#### Source material
+++

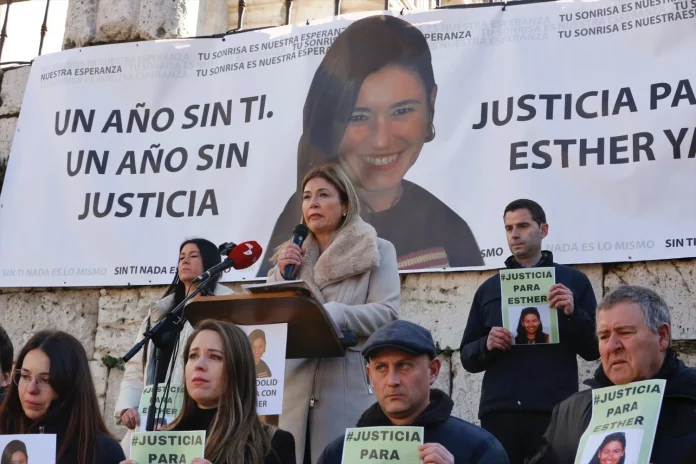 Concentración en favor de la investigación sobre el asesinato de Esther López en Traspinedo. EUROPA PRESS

+++

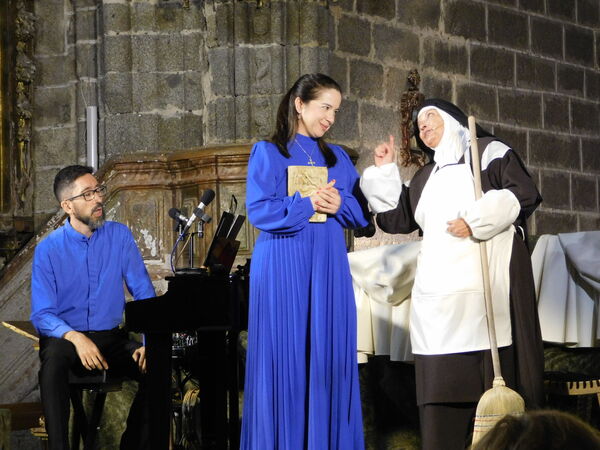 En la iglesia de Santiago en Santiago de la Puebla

+++

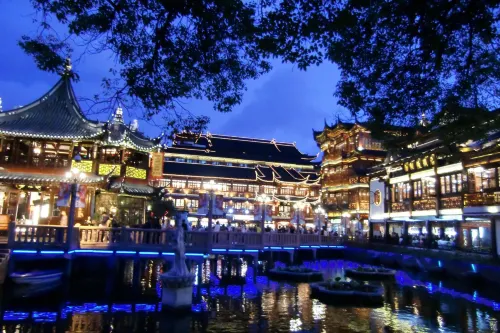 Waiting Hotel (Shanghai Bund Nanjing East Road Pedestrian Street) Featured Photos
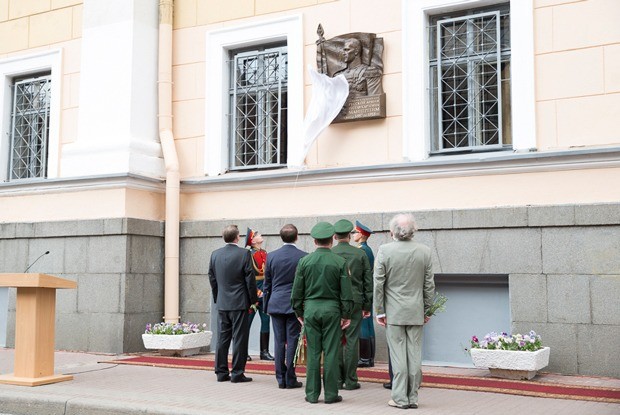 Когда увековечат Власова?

+++

When you reach the line with "Waiting Hotel (Shanghai" in the records above, begin repeating the lines exactly, and stop after the line with "Когда увековечат Власова?". Skip all pictures.

#### Result of the task
 Waiting Hotel (Shanghai Bund Nanjing East Road Pedestrian Street) Featured Photos
 Когда увековечат Власова?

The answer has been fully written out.